• [The task] After finding "Peach Pink Cotton Embroidery Work Kurti Set" in a line below, print that line and the rest of the lines exactly, leaving out all pictures.

════════════════

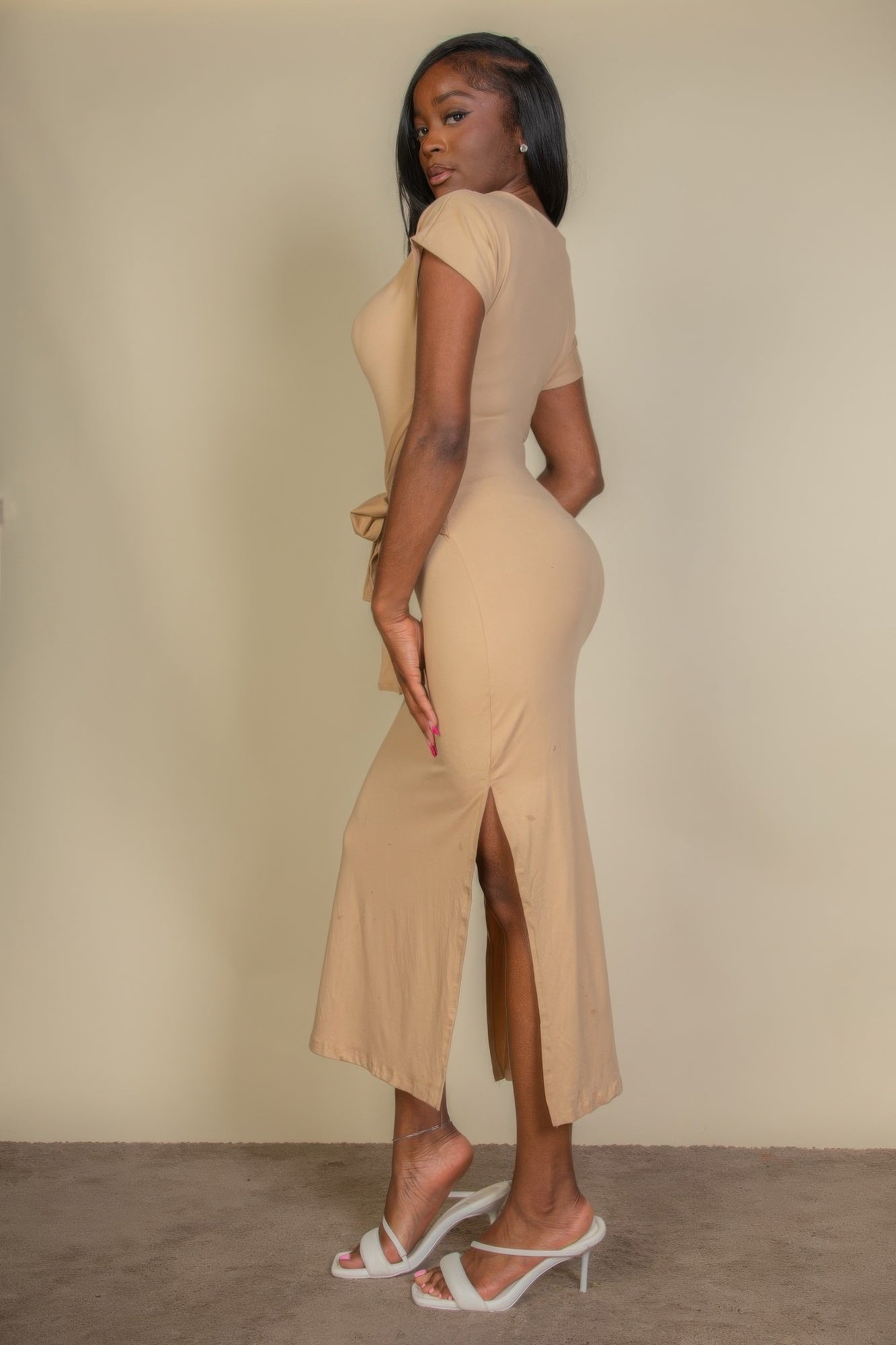 Tie Front Short Sleeve Side Slit Dress product image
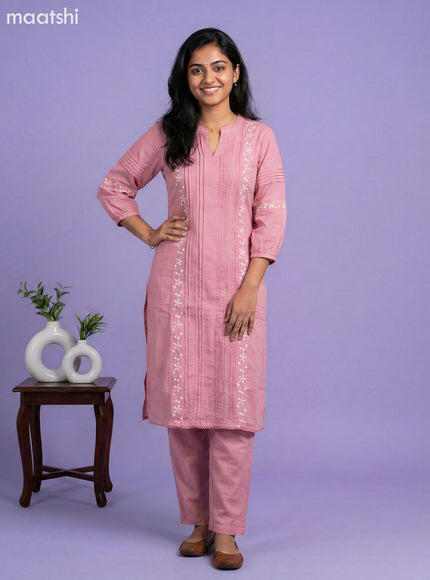Peach Pink Cotton Embroidery Work Kurti Set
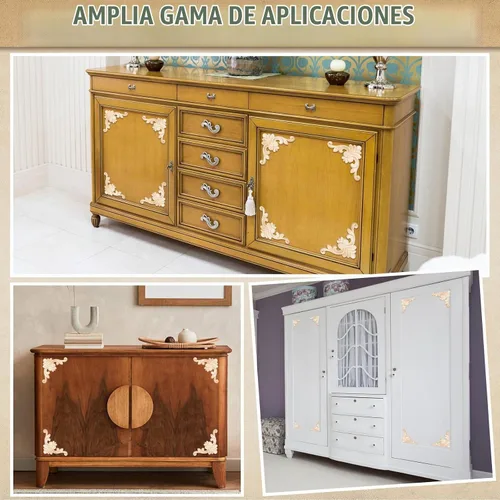 Vista 4 de 20 piezas de apliques de madera, adornos de madera tallada en esquina, apliques de madera decorativos DIY, apliques de madera tallada en esquina sin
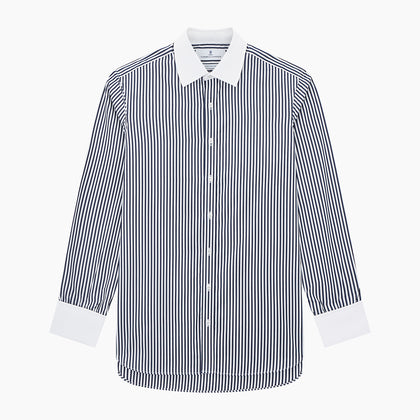 Navy and White Double Stripe Shirt with Contrast Collar & Cuffs Image 6
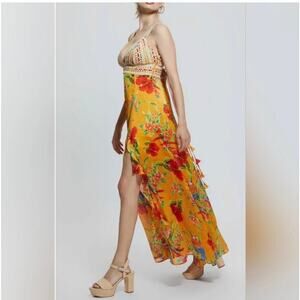 GUESS Women's Serena Crochet-Trim Tropical Yellow Floral Maxi Dress Size: Large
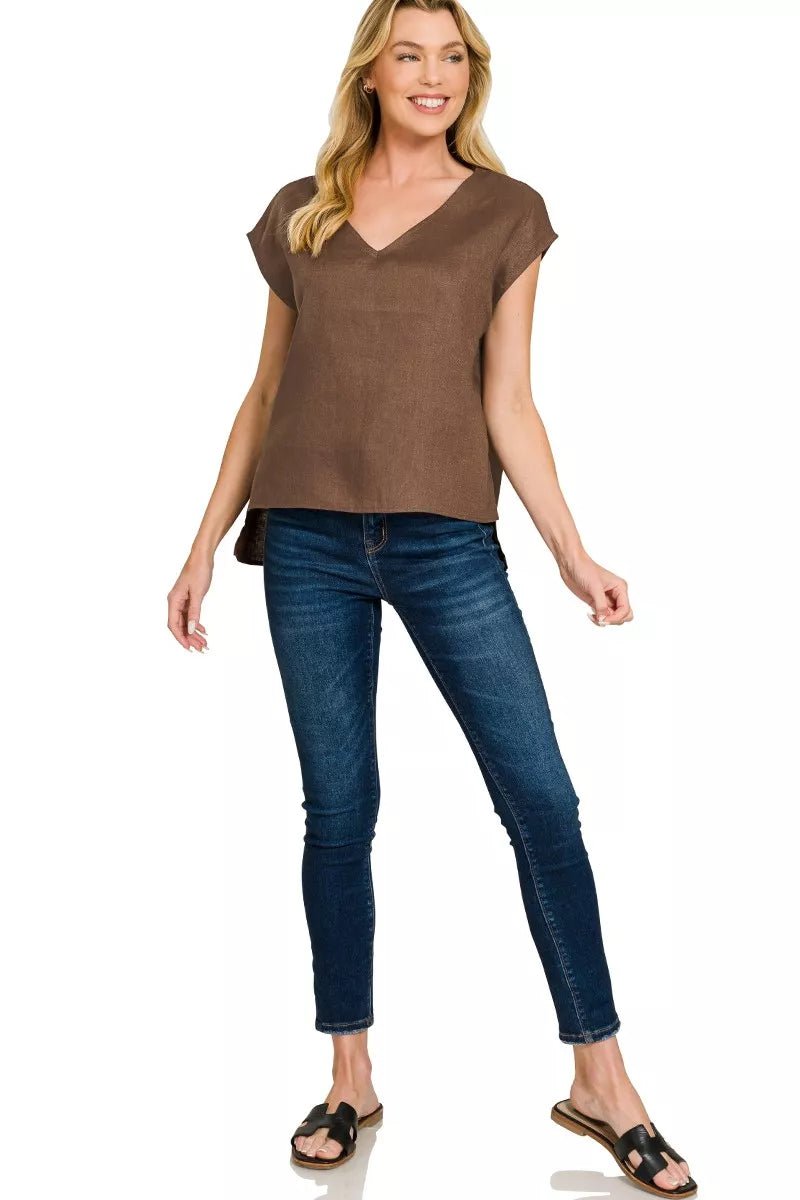 Zenana Linen V - Neck Sleeveless Top - 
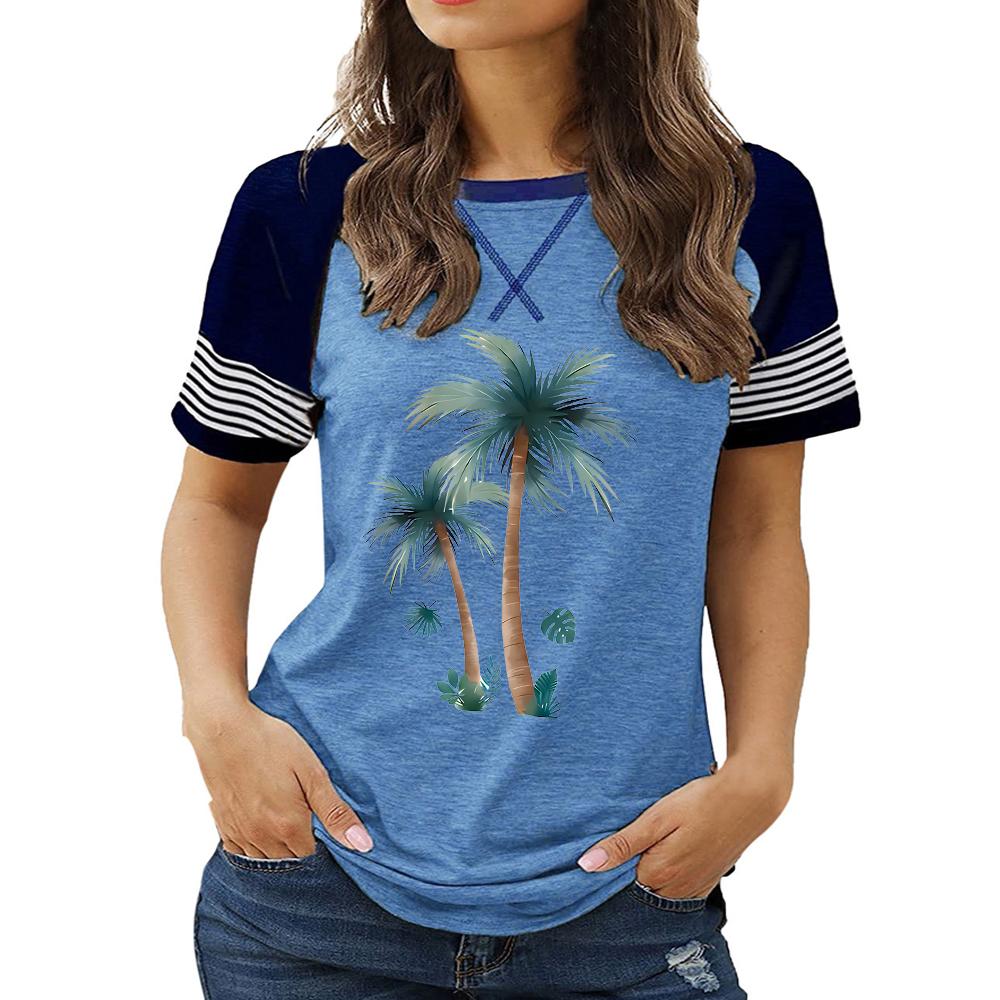 Новые поступления женской одежды больших размеров: Топ с круглым вырезом и короткими рукавами с цветочным принтом на лето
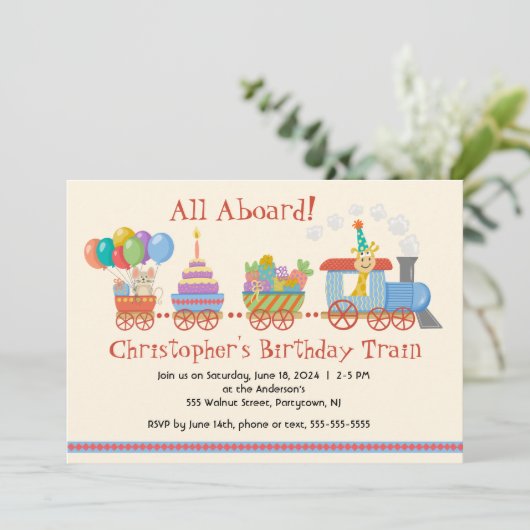 カラフル子供の誕生日列車招待状 招待状 (スタンド正面)
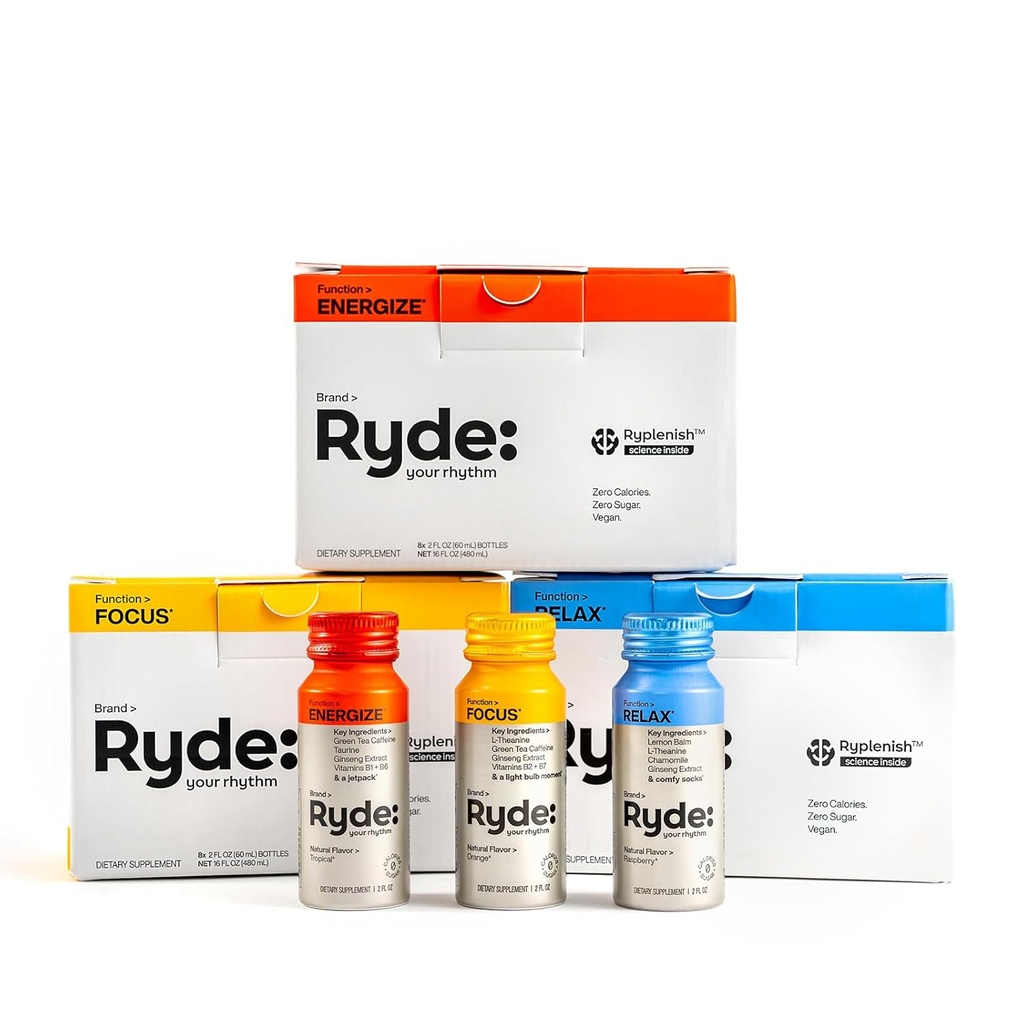 Ryde: Discovery Pack Xi124; Energize, Focus & Relax Shots Xi124; Zielona herbata Kofeina, Tauryna, Ginseng, B Witaminy, L- Theanine, Lemon Balm, Rumomile Xi124; 0 Kalorii, 0 Sugar Xi124; Odmiana Pack - Wypróbuj je wszystkie (24 Pack)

════════════════

• [Exercise response]
Peach Pink Cotton Embroidery Work Kurti Set
 Vista 4 de 20 piezas de apliques de madera, adornos de madera tallada en esquina, apliques de madera decorativos DIY, apliques de madera tallada en esquina sin
 Navy and White Double Stripe Shirt with Contrast Collar & Cuffs Image 6
 GUESS Women's Serena Crochet-Trim Tropical Yellow Floral Maxi Dress Size: Large
 Zenana Linen V - Neck Sleeveless Top - 
 Новые поступления женской одежды больших размеров: Топ с круглым вырезом и короткими рукавами с цветочным принтом на лето
 カラフル子供の誕生日列車招待状 招待状 (スタンド正面)
 Ryde: Discovery Pack Xi124; Energize, Focus & Relax Shots Xi124; Zielona herbata Kofeina, Tauryna, Ginseng, B Witaminy, L- Theanine, Lemon Balm, Rumomile Xi124; 0 Kalorii, 0 Sugar Xi124; Odmiana Pack - Wypróbuj je wszystkie (24 Pack)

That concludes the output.